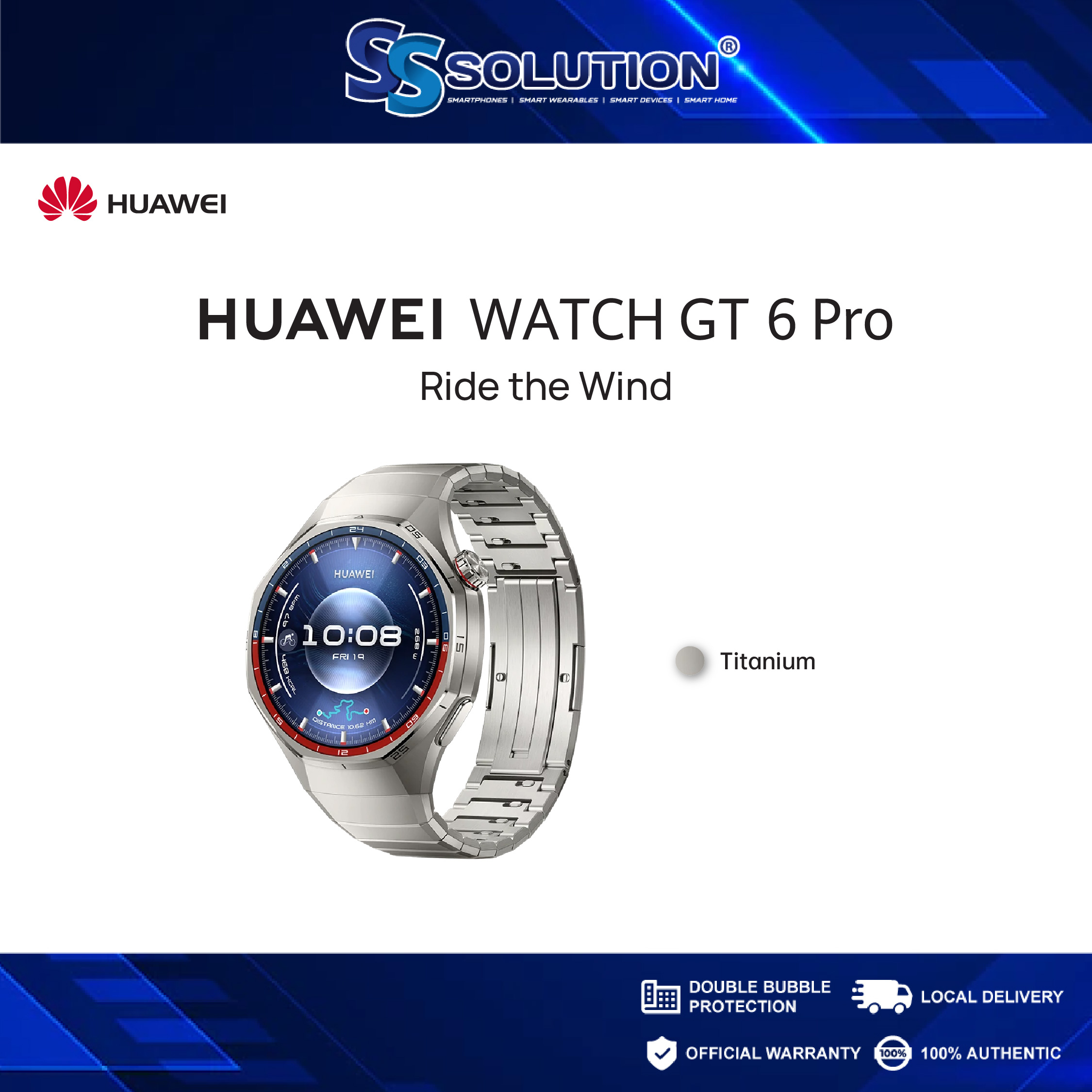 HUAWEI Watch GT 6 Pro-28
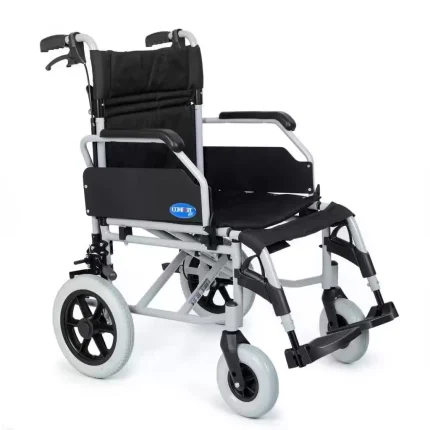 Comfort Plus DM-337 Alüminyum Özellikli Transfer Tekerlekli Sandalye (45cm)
* * *
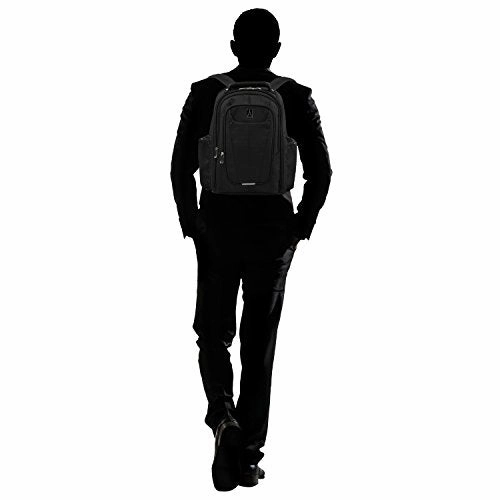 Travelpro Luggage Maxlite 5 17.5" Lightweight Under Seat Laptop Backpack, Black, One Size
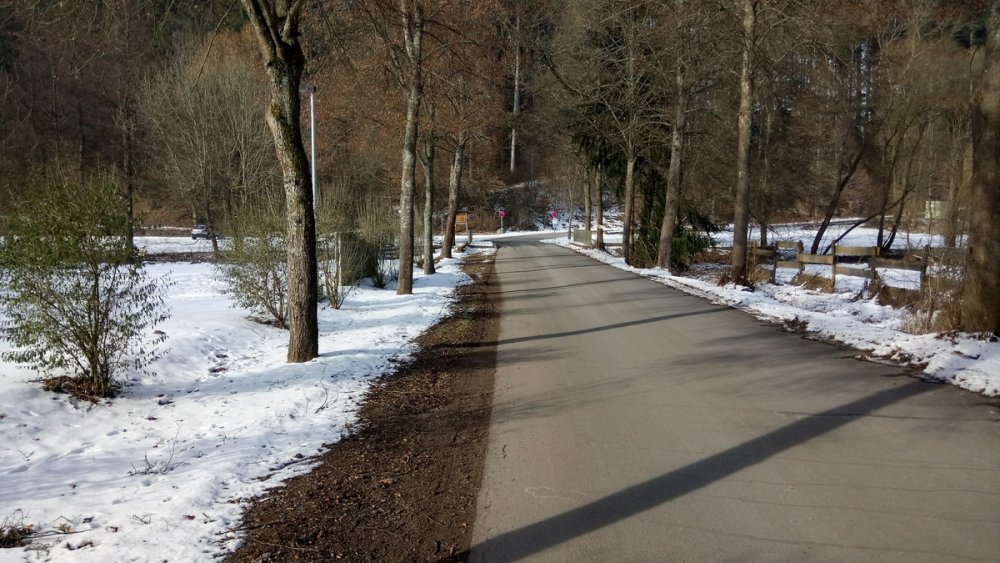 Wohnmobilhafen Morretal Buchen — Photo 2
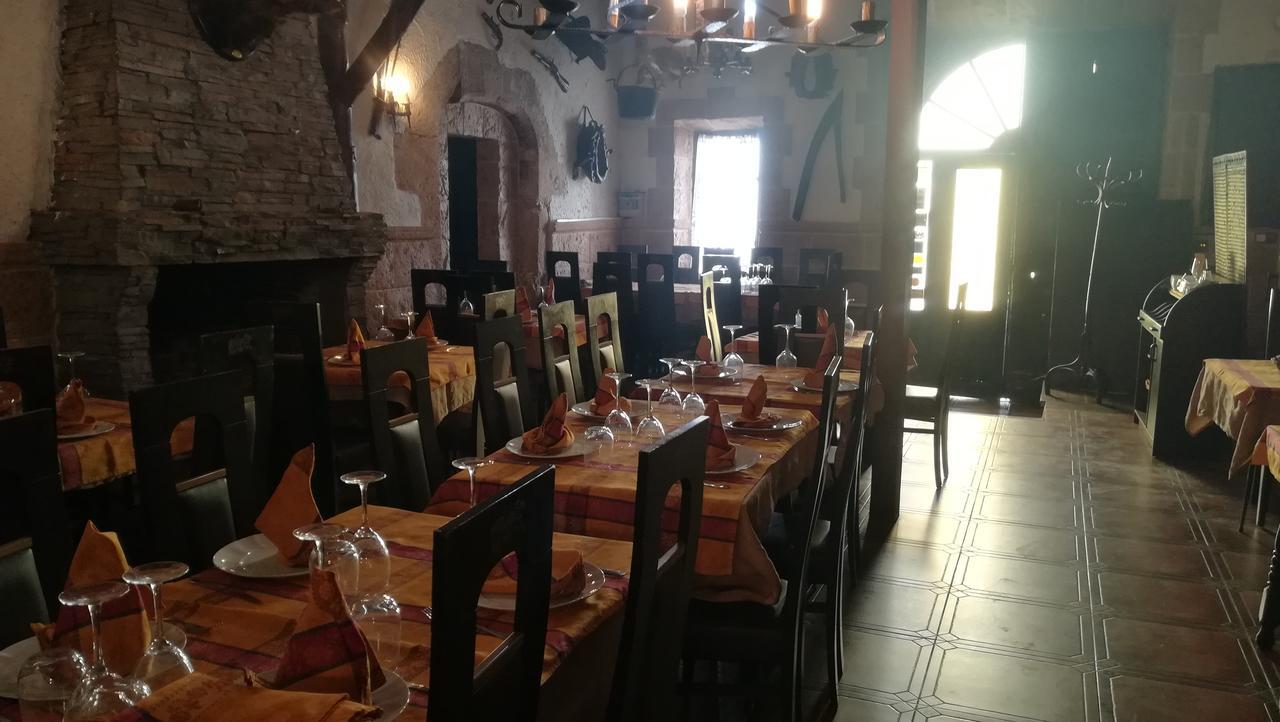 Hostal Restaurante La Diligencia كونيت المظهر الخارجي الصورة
---
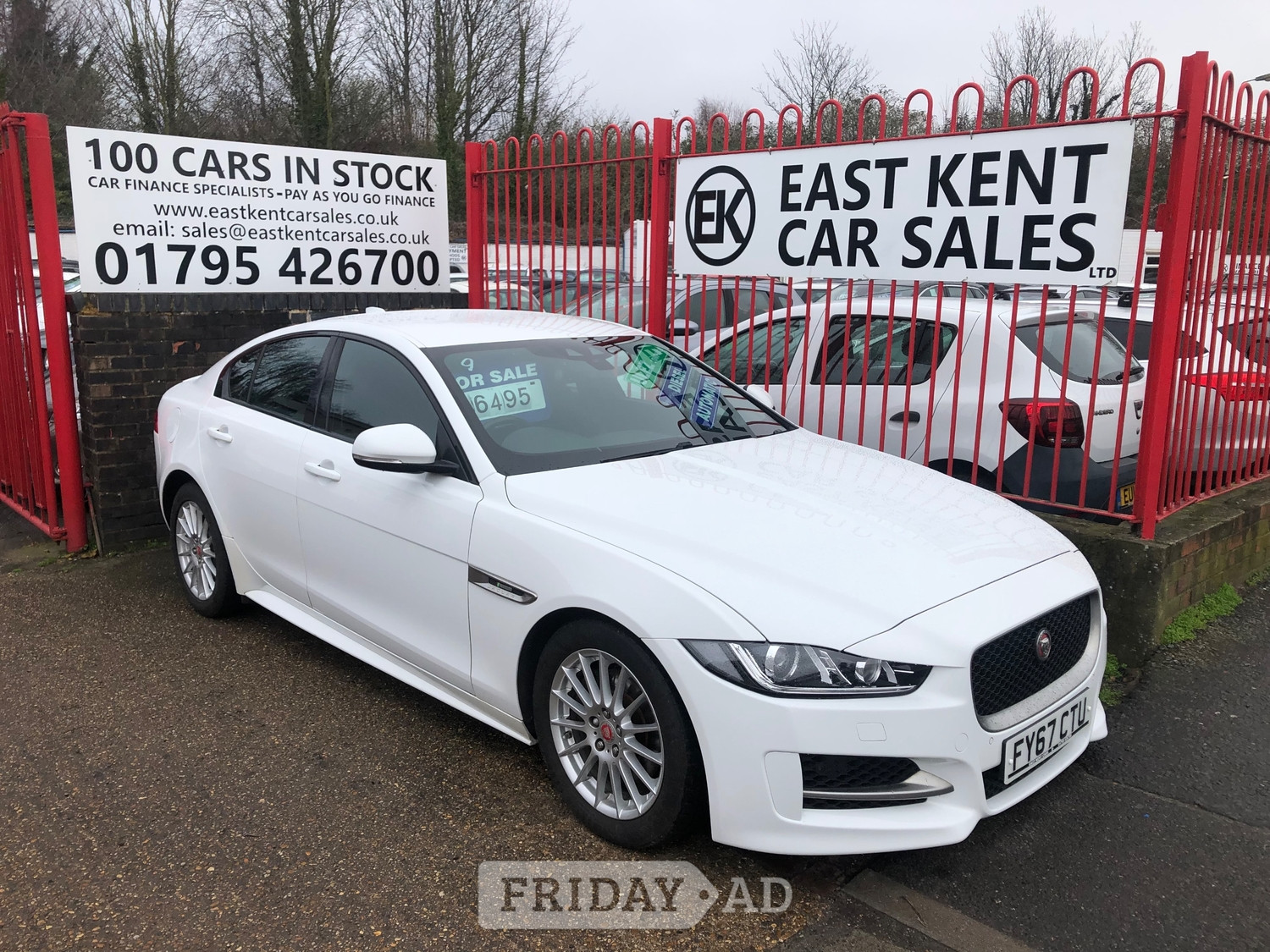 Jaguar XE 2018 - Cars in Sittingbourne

§ **Exercise goal**
A clean copy is needed of the lines in the listing above from the one with "Travelpro Luggage Maxlite" through the one with "Hostal Restaurante La", exact in every word and free of pictures.

§ **Reply to the task**
 Travelpro Luggage Maxlite 5 17.5" Lightweight Under Seat Laptop Backpack, Black, One Size
 Wohnmobilhafen Morretal Buchen — Photo 2
 Hostal Restaurante La Diligencia كونيت المظهر الخارجي الصورة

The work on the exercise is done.